Первое клише — местоимение + такие-то мечты: «Твои ревнивые мечты»; «Твои неясные мечты»; «Одни счастливые мечты»; «И все счастливые мечты», всего 7 строк (18 %). Сравните у других поэтов: «Мои ревнивые мечты» (Некрасов); «Мои неясные мечты» (Лермонтов); «Мои унылые мечты» (Тургенев); «Мои любимые мечты» (Языков, Баратынский) и т. п. (в целом 10 %, меньше, чем у Пушкина: ощутимая клишированность начинает избегаться).
Второе клише — глагол + такие-то мечты как прямое дополнение: «Забудь преступные мечты»; «Оставь безумные мечты»; «Смиряешь буйные мечты»; «Я разлюбил свои мечты», всего тоже 7 строк (18 %). Сравните у других поэтов: «Забудь печальные мечты» (Баратынский); «Повергли в грустные мечты» (Полежаев); «Я знаю тихие мечты» (Лермонтов); «Не вызывай своей мечты» (К. Павлова) и т. п. (в целом 17 %, в том числе с прилагательными; …твои мечты — чаще, чем у Пушкина: видимо, клише второго типа менее ощутимы).
Из остальных синтаксических конструкций чаще других повторяются шесть.
Во-первых (очень близкая к предыдущей), глагол + такие-то мечты как подлежащее: «Сбылись давнишние мечты» (Пушкин; повторено у Рылеева); «Играли быстрые мечты» (Языков); «Носилися мои мечты» (Вяземский); у Пушкина это единственный пример (3 %), в сравнительном материале — 4 %.

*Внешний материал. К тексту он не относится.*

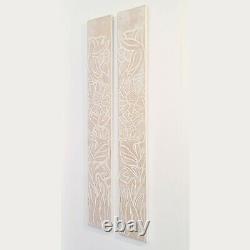 Carved Wooden Wall Art Long Decorative Nature Mandala Yoga Panels Set of Two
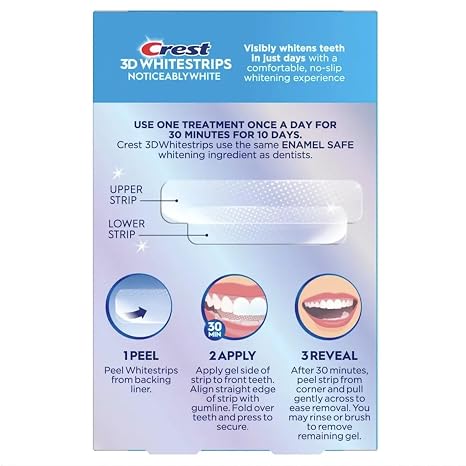 Crest 3D Whitestrips, Noticeably White, Teeth Whitening Strip Kit, 20 Strips (10 Count Pack)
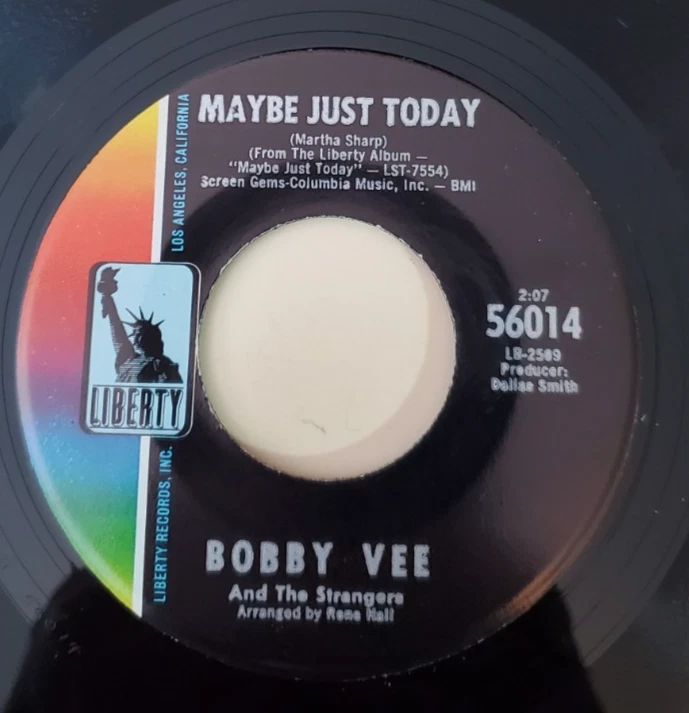 Bobby Vee MAYBE JUST TODAY (ROCK 45/PS) #56012 PLAYS VG++ - Image 3 of 4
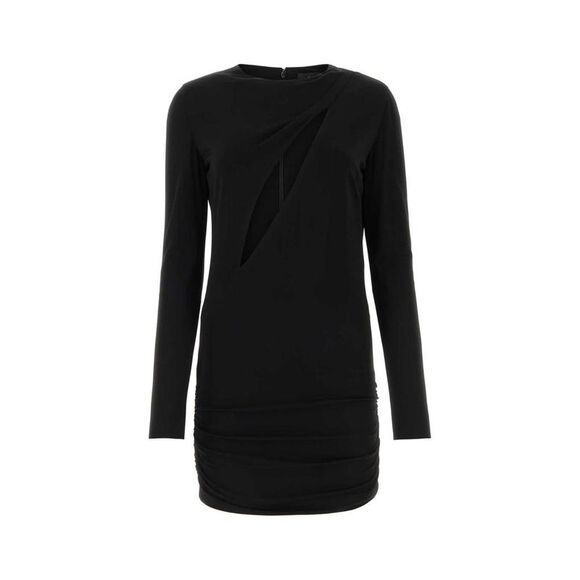 VERSACE Asymmetrical Cutout Ruched Long Sleeve Dress Women BLACK Dresses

Во-вторых, тип Порывы девственной мечты: у Пушкина это тоже единственный пример (3 %), в сравнительном материале он чаще: «В разгаре девственной мечты» (Блок); «В порыве пламенной мечты» (Полежаев); «Владычица ее мечты» (Баратынский) — всего 7 %, к этому близки типы «Созданья хрупкие мечты» (Блок); «Души тоскующей мечты» (Полежаев); «Души взволнованной мечты» (Лермонтов) — всего 3 %.

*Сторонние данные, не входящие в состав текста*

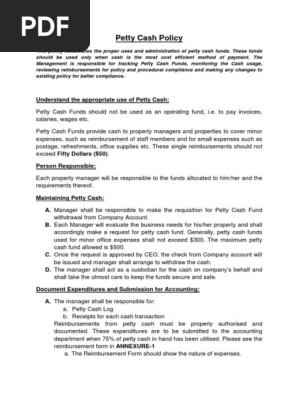 Petty Cash Policy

В-третьих, тип с существительным на предпоследнем месте — И вольной младости мечты: у Пушкина — единственный пример (3 %); в сравнительном материале — чаще: «Разгульной юности мечты» (Лермонтов), сравните близкие типы: «Могучей волею мечты» (Лермонтов), «И сердца юные мечты» (Баратынский) — всего 6 %.
В-четвертых, тип с глаголом на предпоследнем месте — Тебя преследуют мечты у Пушкина — тоже единственный пример (3 %), в сравнительном материале — чаще: «И к высям просятся мечты» (Вяземский). Сравните близкие типы: «Мои не сбудутся мечты» (Языков); «Младые разобьет мечты» (К. Павлова); «Младые окрыли мечты» (Фет) — всего 9 %.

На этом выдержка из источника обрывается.